Escalators, like shares, go down as well as up. The physical escalator, from which the figurative kind derives, was originally a trade name. ‘A movable stairway,’ the New York Journal reported in 1900, had been ‘built by the Otis Elevator Company for the use of passengers of the Manhattan Elevated Railway’. The first escalator on the London Underground was installed in 1911 at Earl’s Court.

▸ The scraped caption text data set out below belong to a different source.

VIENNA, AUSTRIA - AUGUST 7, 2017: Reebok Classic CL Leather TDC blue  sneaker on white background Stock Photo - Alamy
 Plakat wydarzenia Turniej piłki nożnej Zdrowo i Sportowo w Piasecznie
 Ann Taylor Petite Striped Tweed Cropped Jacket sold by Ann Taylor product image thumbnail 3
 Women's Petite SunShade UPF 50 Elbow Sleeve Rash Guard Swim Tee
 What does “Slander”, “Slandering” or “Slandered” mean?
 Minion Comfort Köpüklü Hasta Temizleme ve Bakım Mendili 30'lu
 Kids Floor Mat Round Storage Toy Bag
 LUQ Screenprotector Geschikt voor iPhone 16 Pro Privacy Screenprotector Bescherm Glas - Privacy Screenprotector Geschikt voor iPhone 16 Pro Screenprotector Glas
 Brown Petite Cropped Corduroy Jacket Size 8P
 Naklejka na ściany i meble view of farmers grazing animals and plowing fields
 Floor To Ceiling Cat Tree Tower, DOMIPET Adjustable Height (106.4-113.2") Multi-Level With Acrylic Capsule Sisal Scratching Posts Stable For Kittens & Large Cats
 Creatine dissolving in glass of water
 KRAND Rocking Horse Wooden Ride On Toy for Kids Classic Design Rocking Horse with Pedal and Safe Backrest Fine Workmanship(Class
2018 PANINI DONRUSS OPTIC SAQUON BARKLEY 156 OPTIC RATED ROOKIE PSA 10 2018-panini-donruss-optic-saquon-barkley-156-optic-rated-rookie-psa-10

Escalators adapted the name of the military activity of escalading — going over walls with ladders. A ladder in Greek is klimax. In 1889, the Oxford English Dictionary complained of the ‘popular ignorance and misuse of the learned word’ climax to mean ‘culmination, height, acme or apex’. Then in 1918 Marie Stopes used it to mean ‘orgasm’. Some people won’t be told.

Anyway, the verbal model for escalator was elevator. Elevators were used for wheat from the 1780s, but in 1853 Harper’s magazine wrote of the imminent introduction to New York of ‘a steam elevator, by which an indolent, or fatigued, or aristocratic person may deposit himself in a species of dumb waiter at the hall door, and by whistle, or the jingling of a bell, be borne up, like so much roast-goose with gravy, to the third, fourth, or fifth floor’. Such practices escalate.